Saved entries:
----

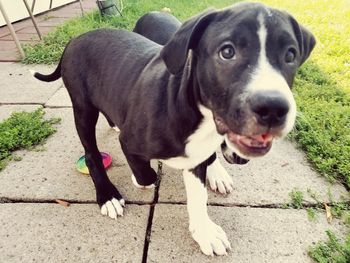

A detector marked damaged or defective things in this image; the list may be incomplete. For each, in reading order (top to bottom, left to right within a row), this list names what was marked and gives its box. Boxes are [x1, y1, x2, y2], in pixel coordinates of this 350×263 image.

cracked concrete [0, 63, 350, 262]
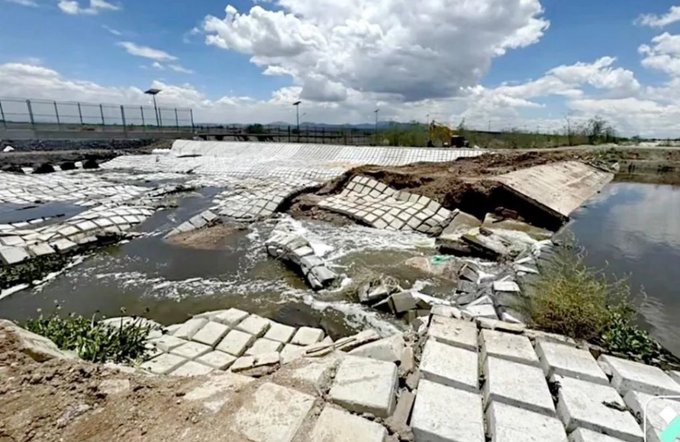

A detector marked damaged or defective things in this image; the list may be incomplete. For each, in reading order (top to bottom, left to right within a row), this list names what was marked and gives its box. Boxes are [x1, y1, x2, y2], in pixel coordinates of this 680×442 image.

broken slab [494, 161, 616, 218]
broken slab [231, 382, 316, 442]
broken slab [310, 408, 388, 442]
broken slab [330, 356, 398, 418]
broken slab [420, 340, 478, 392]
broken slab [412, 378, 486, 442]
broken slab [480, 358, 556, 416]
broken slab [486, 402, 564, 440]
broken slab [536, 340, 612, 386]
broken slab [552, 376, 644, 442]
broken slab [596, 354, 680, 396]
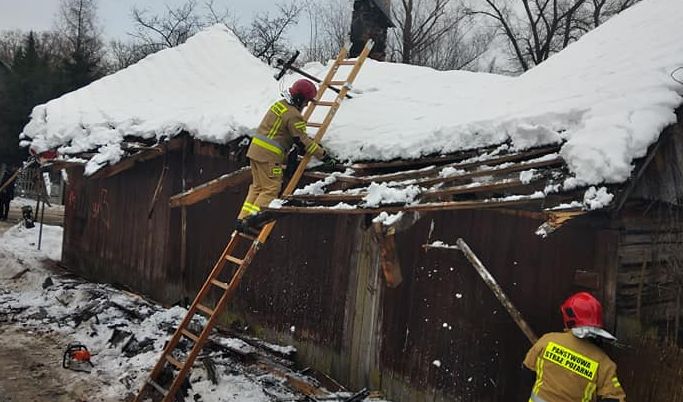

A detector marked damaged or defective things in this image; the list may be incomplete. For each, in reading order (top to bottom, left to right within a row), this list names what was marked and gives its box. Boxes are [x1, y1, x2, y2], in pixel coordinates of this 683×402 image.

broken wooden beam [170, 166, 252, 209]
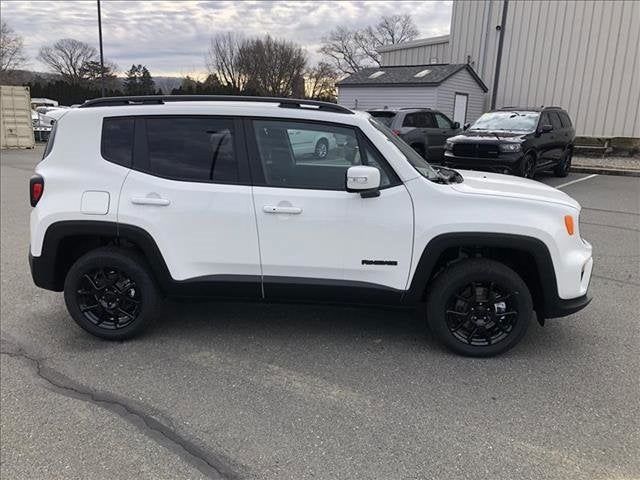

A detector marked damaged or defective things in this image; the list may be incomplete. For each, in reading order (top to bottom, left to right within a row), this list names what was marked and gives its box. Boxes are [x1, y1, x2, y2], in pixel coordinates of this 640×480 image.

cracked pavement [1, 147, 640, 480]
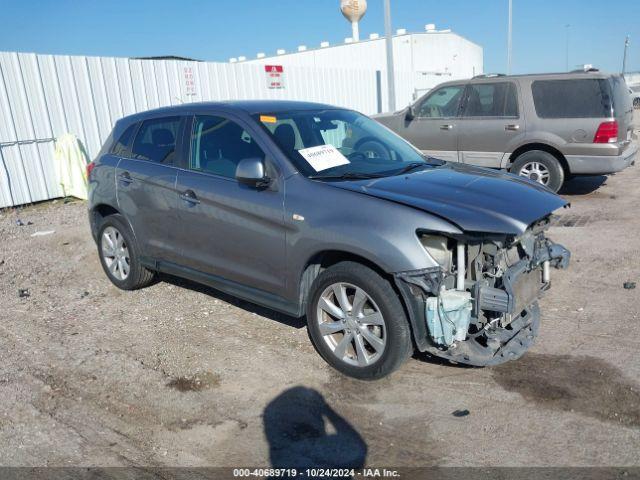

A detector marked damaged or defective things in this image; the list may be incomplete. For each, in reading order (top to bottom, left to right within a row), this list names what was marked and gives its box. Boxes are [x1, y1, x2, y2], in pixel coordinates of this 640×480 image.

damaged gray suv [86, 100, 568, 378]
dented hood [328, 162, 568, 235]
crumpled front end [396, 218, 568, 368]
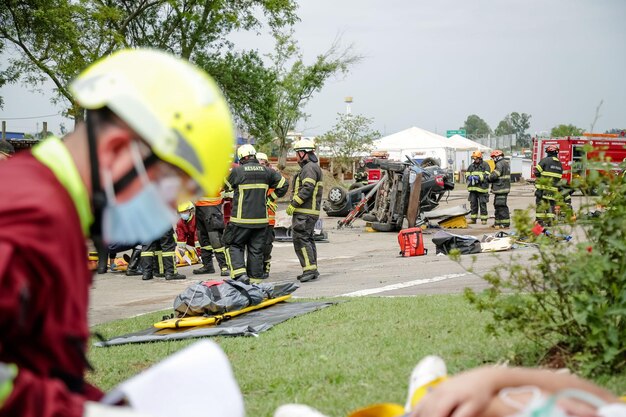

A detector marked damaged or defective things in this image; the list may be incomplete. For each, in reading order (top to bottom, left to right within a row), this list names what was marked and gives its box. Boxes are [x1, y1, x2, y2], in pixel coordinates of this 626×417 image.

----

(Task item)
Please write out all the data again word for word, but not the pictures.

(Final answer)
A detector marked damaged or defective things in this image; the list may be incomplete. For each, in reading order (top to bottom, left to right within a row), this list names what was marked and gives its box. Boxes are [x1, y1, x2, y2], in pixel coordinates of this 350×263 image.

cracked concrete [0, 63, 350, 262]

A detector marked damaged or defective things in this image; the list may be incomplete. For each, in reading order (top to bottom, left to right within a row), this list names what was marked and gives its box. Boxes are [x1, y1, x2, y2], in pixel coordinates of this 680×442 image.

broken slab [494, 161, 616, 218]
broken slab [231, 382, 316, 442]
broken slab [310, 408, 388, 442]
broken slab [330, 356, 398, 418]
broken slab [420, 340, 478, 392]
broken slab [412, 378, 486, 442]
broken slab [480, 358, 556, 416]
broken slab [486, 402, 564, 440]
broken slab [536, 340, 612, 386]
broken slab [552, 376, 644, 442]
broken slab [596, 354, 680, 396]

A detector marked damaged or defective things in this image; the list may be incomplete. For each, in reading order (top to bottom, left to right within a row), this list names what was marked and gives its box. Boxes are [x1, y1, x2, y2], in pixel coordinates of this 683×402 image.

broken wooden beam [170, 166, 252, 209]

A detector marked damaged or defective things in this image; the list may be incomplete. For each, in reading order (top to bottom, left to right within a row), this list names what was marked and gives its box. Boxes are [x1, y1, x2, y2], in pixel coordinates of this 640×480 image.

cracked pavement [1, 147, 640, 480]

A detector marked damaged or defective things in this image; the list may be incomplete. For each, in reading order (top to bottom, left to right within a row), this list names what was marked and gives its box. Boxes are [x1, y1, x2, y2], in pixel coordinates of this 640×480 image.

damaged gray suv [86, 100, 568, 378]
dented hood [328, 162, 568, 235]
crumpled front end [396, 218, 568, 368]

A detector marked damaged or defective things in this image; the list may be incomplete. For each, in reading order (top to bottom, left to right within a row), this list names what was marked and gives its box. Boxes are [x1, y1, x2, y2], in pixel coordinates of this 626×417 image.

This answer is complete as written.